TASK DESCRIPTION — Below are entries; repeat exactly, and nothing else, the lines from the one holding "Avvitatore Ad Impulsi" through the one holding "Ebike Hub Motor", inclusive. Leave the pictures out.

SUPPLIED INFORMATION —
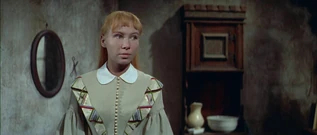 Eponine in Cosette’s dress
...
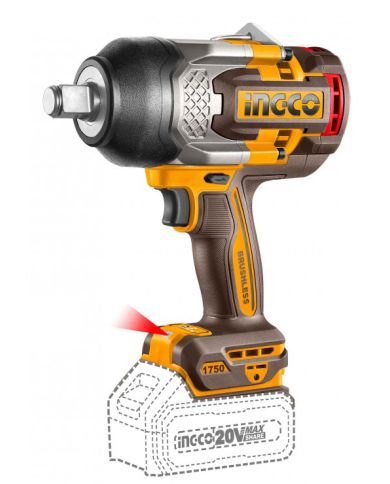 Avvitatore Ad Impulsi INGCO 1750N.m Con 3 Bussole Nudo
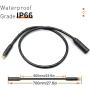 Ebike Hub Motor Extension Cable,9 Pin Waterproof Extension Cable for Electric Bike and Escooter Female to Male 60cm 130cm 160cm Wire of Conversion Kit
* * *
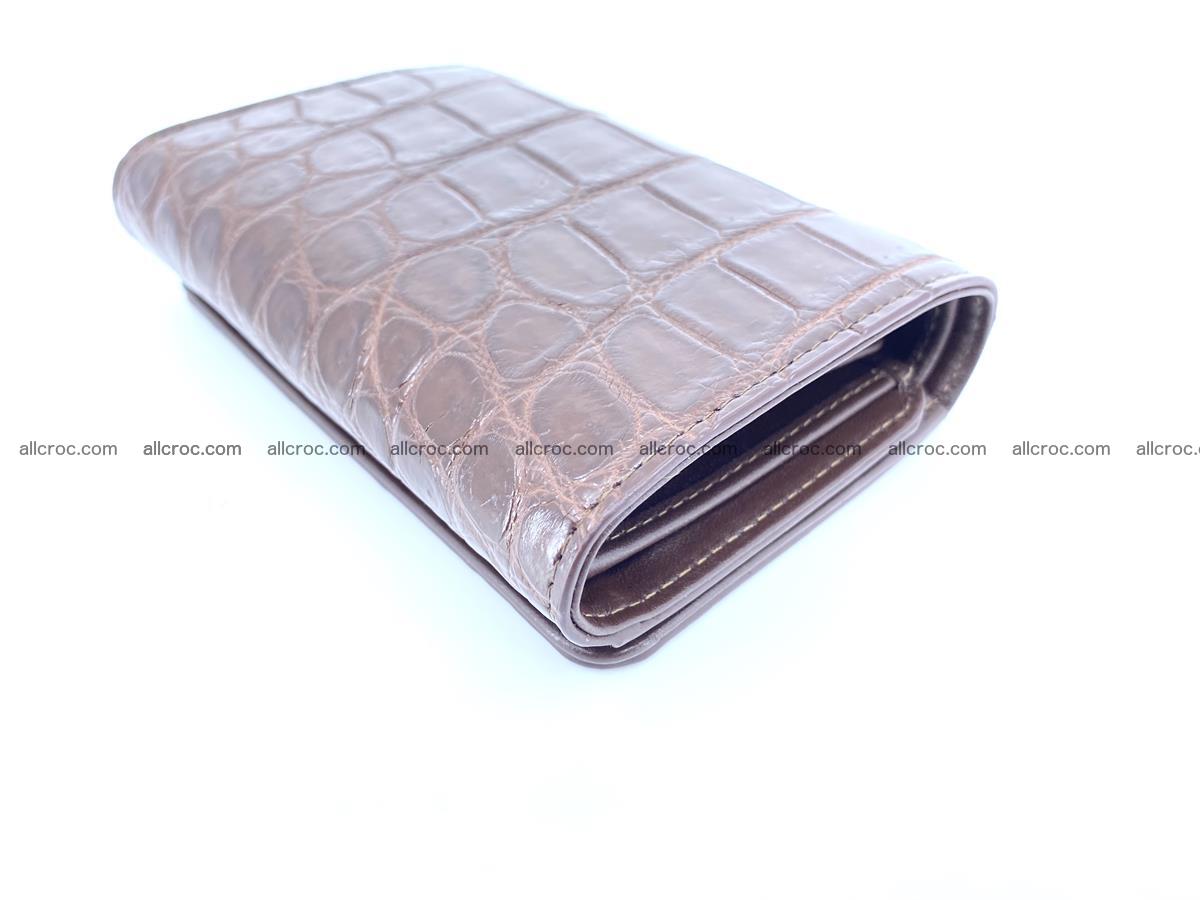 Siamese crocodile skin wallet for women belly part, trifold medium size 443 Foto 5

ANSWER TO THE PROBLEM —
 Avvitatore Ad Impulsi INGCO 1750N.m Con 3 Bussole Nudo
 Ebike Hub Motor Extension Cable,9 Pin Waterproof Extension Cable for Electric Bike and Escooter Female to Male 60cm 130cm 160cm Wire of Conversion Kit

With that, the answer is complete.